It’s a word to inspire tears of joy in amateur bakers when uttered by Paul Hollywood, but out in the real world (the one without massive tents, beautiful shiny kitchenware and jokes about Mary Berry’s booze habit), we’re just not having it.
The word is “moist” and it appears to be the most hated word in the English language, according to early results from a worldwide survey.
Oxford Dictionaries has launched research into language preferences across the globe via an interactive online map, beginning by finding out which English words are the least popular.
With more than 10,000 submissions at time of writing, the #OneWordMap reveals the UK is not fond of the words “moist” and “no”. “Like” comes in third, no doubt more disliked for the way people use it as verbal punctuation than for its actual meaning, while unsurprisingly, “Brexit” makes an appearance too.
“Nice” is also in the top five, presumably thanks to it being so inoffensive and nondescript that it’s tipped over into offensively boring.
“Moist”, “no” and “hate” seem to be universally unpopular, with “moist” also currently topping the list in Canada, Australia and the US. In India, “love” is emerging as the most disliked English word, while a few countries other than the UK don’t seem to like “hello”. In the Netherlands, the surprisingly contradictory “war” and “love” vie for attention.
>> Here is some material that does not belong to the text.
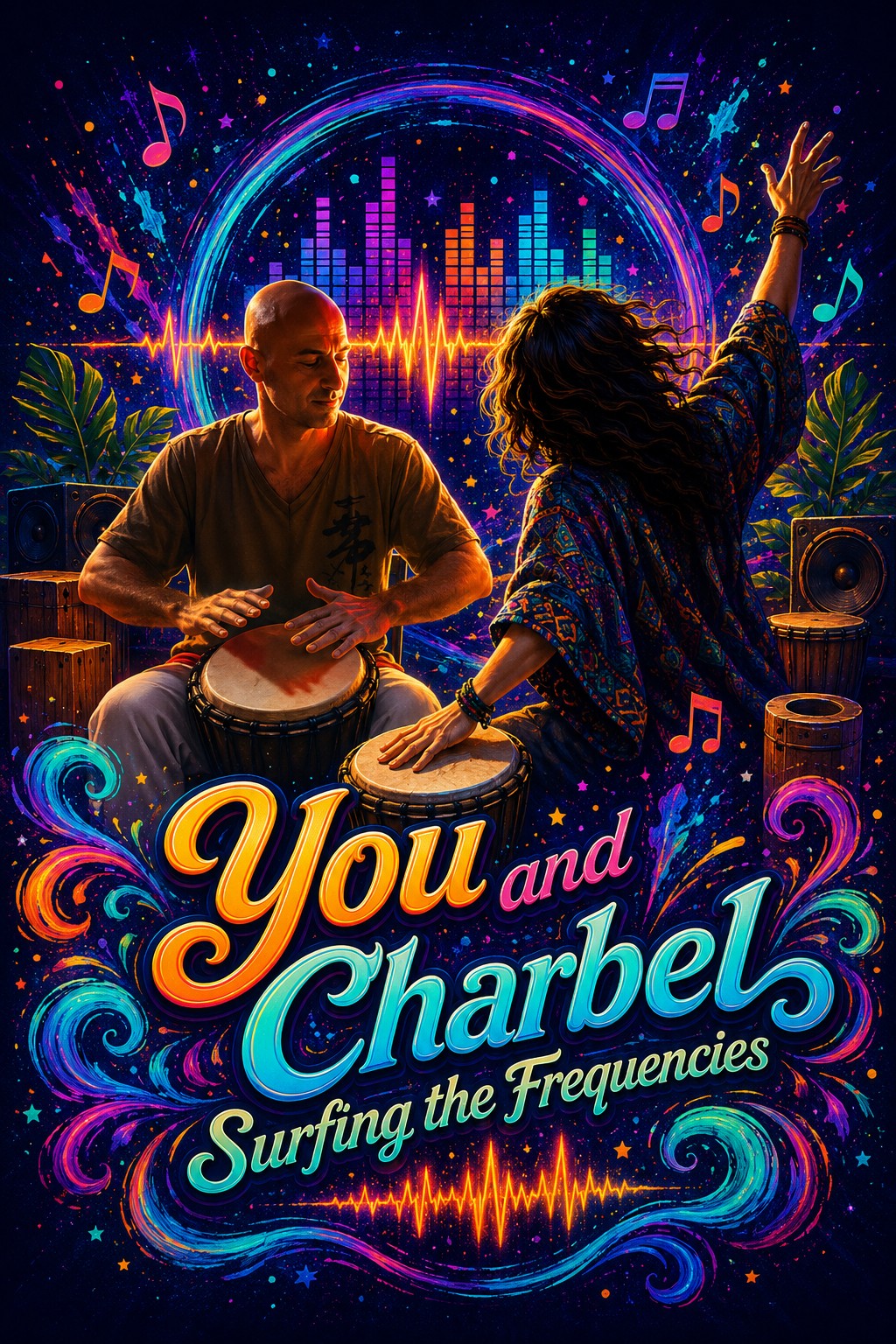 You and Charbel — Surfing the Frequencies, illustrated poster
The map allows people to submit their own despised words to contribute toward research that will later be split by country, age and gender to reveal more about our dislike of certain words. Many are sharing their choices on Twitter, while a quick office poll reveals “gusset”, “panties”, “crevice”, “flaccid” and “titillate” as stylist.co.uk pet hates, alongside “squelch”, “phlegm”, “smear”, “mucus” and “discharge”. Lovely.
So if you’ve got some linguistic bugbears, the kind that make you feel nauseous just to think about them, head to blog.oxforddictionaries.com (and really, don’t worry about writing them in the comments here. Really).